人々は過酷な自然や厳しい神々の側面を受け入れつつも、その産み出し恵み育む自然の神々そして仏の慈悲を、ひたすら希求し賛美して来ました。
「いにしえのほほえみ」は、そんな祈りが映し出されたものだったのです。
メソポタミア初期王朝から江戸時代まで、およそ4000年にわたる100余りのほほえみが集まります。
古代西アジアの人々は自らを象った像を身代わりとして作り、神殿に奉納しました。固く胸前で結んだ両手は神に奉仕する彼らの生命をかけた祈りの強さを示しています。
エジプトの王と王妃は神々のあらわれであり、宇宙の秩序そのものでした。その秩序に統御されたナイルの氾濫によって豊かな収穫が約束されました。
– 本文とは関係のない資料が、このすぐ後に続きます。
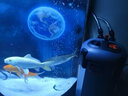 松宝（sobo）过滤桶鱼缸过滤器外置滤桶缸外过滤系统水族箱吸鱼屎净水器 SF-1500F +【基础滤材套餐】30%鱼友选择 过滤桶带杀菌灯 实拍图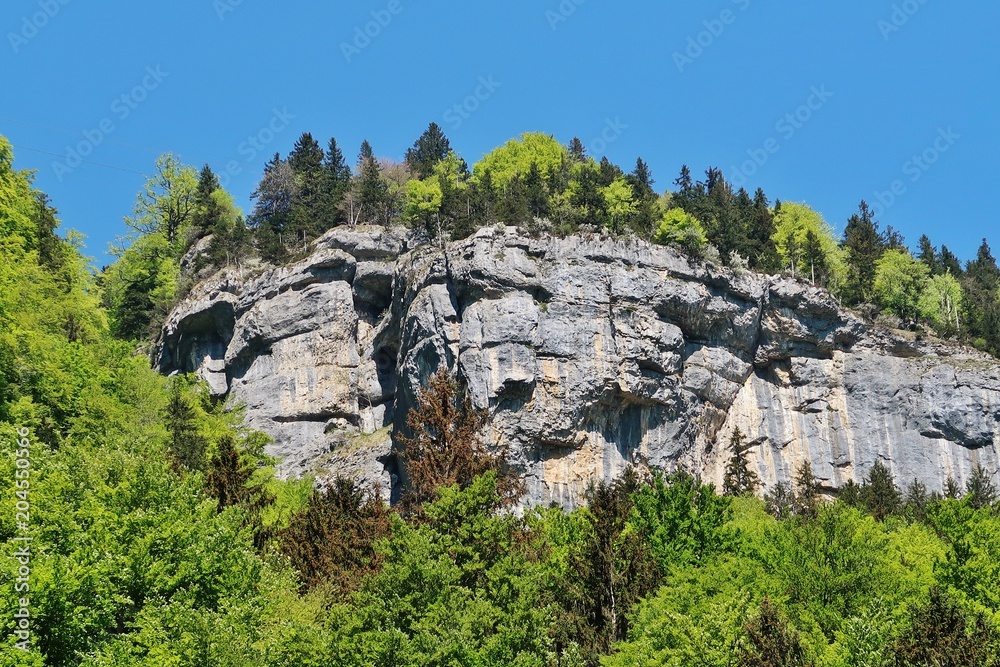 Felswand im Alpstein, Ostschweiz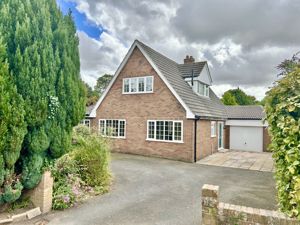 Front- click for photo gallery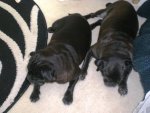 Lilly und Bolle.jpg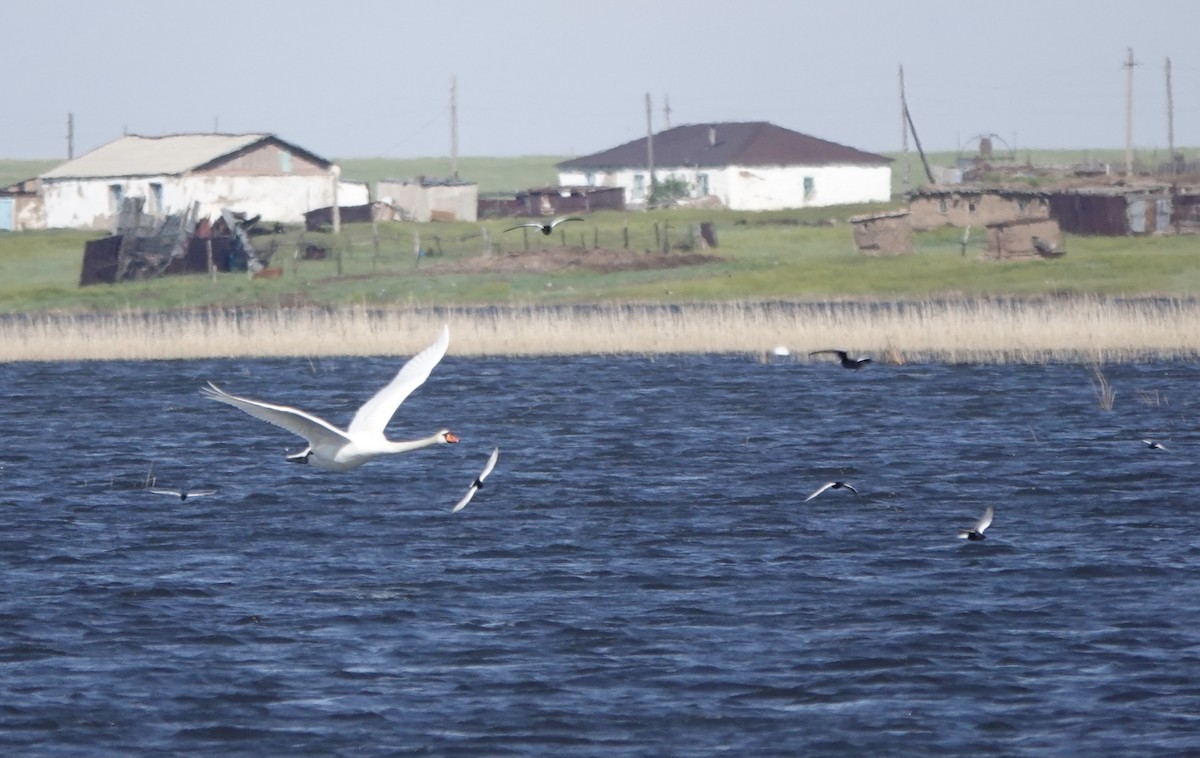 Mute Swan - ML620642040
この育む自然、宇宙の秩序を象った神像、王や王妃の像の多くは神妙なほほえみをたたえています。
ギリシア人にとって木や石で作られた神像は、そのまま生ける神に他なりませんでした。これらの神像は“アガルマ(喜び、笑み)”と呼ばれました。貴族は彼ら自身を表した像を神々に奉納しましたが、今となっては神像と区別の付かないものも多いのです。
シルクロード交易で栄えたクシャーン帝国の時代に大乗仏教が隆盛し、それまで表現できなかった仏の姿が出現しました。ガンダーラではヘレニズム・ローマ美術の影響が根付き、円熟した表現力で超越的な仏のほほえみ、慈悲深い菩薩や歓喜する供養者のほほえみが作り出されました。
インドで仏塔が造られ始めた頃、それを装飾した神々や人々の像は画一的で無表情でした。ガンダーラとの交流の影響は定かではありませんが、後に中インドのマトゥーラで出現した仏や神々は明確なほほえみをたたえていました。